Prepare this delicious, easy, vegetarian and gluten-free dip and be the life of the party; or use it as a spread on your sandwiches as an afternoon snack! Unlike the ordinary spread you can buy, this veggie cashew spread offers healthy fats, protein, and fibre without the added preservatives and stabilisers.
Makes: 2 cups
Ingredients (use organic ingredients where possible)
BASIC CASHEW CHEESE
- 1 cup cashews, soaked overnight
- ½ cup purified water
- ¼ tsp sea salt
- 2 tbsp extra virgin olive oil
- 2 tsp raw apple cider vinegar
Method
- Use a food processor for the best texture and easy scraping.
- Pulse all ingredients in the food processor until the desired texture is achieved.
- Serve on your favourite gluten-free crackers with veggies, or use as a spread.
- Store in the refrigerator up to a week. Freezes really well up to 4 months.
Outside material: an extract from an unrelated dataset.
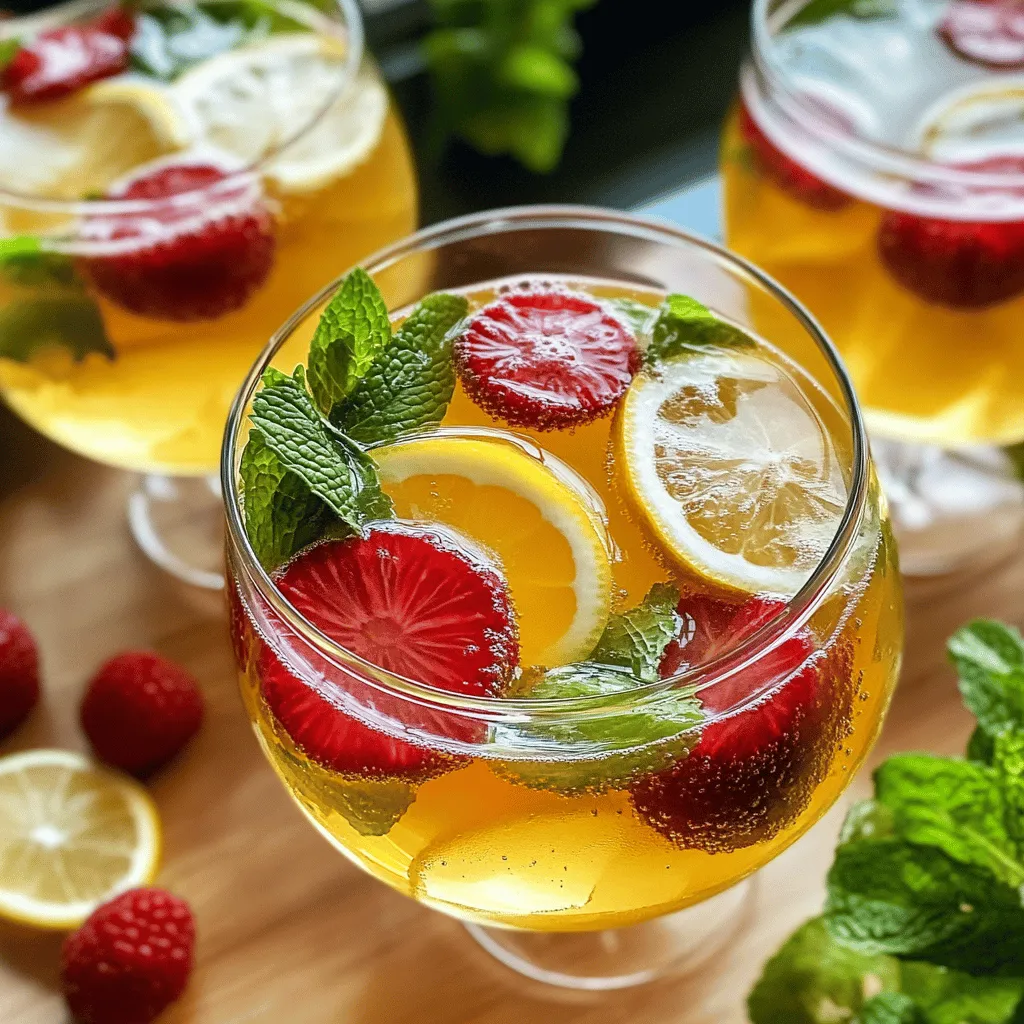 Erdbeer-Süßtee ist ein erfrischendes Getränk, das ideal für heiße Tage ist. Um den perfekten Erdbeer-Süßtee zuzubereiten, benötigst du einige einfache Zutaten. Du brauchst 4 Tassen Wasser, 2 Teebeutel schwarzen Tee, 1 Tasse frische Erdbeeren, ½ Tasse Zucker und 1 Zitrone. Dies sind die Hauptbestandteile für das Rezept für Erdbeer-Süßtee.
VEGGIE CREAM CHEESE SPREAD
Ingredients
(use organic ingredients where possible)
- 4 green onions, white and green parts, finely chopped
- 1 small carrot, finely chopped
- ½ stalk celery with leaves, finely chopped
- ⅓ red bell pepper, finely chopped
- 2 tbsp red onion, finely chopped
- 1 small garlic clove, grated (or ½ tsp garlic powder)
- ¼ tsp sea salt
- Chopped chives for garnish
Method
- Finely chop all veggies.
- Add all ingredients to the cashew cheese and pulse for 2-3 times. Be careful to not over process the veggies.
- Serve immediately with gluten-free crackers, cucumbers, sliced radishes, carrots, and any other veggies of your choosing.
Note* You can choose to soak your cashew nuts over night otherwise you can do a quick soak, where you use hot water and soak for 1 hour.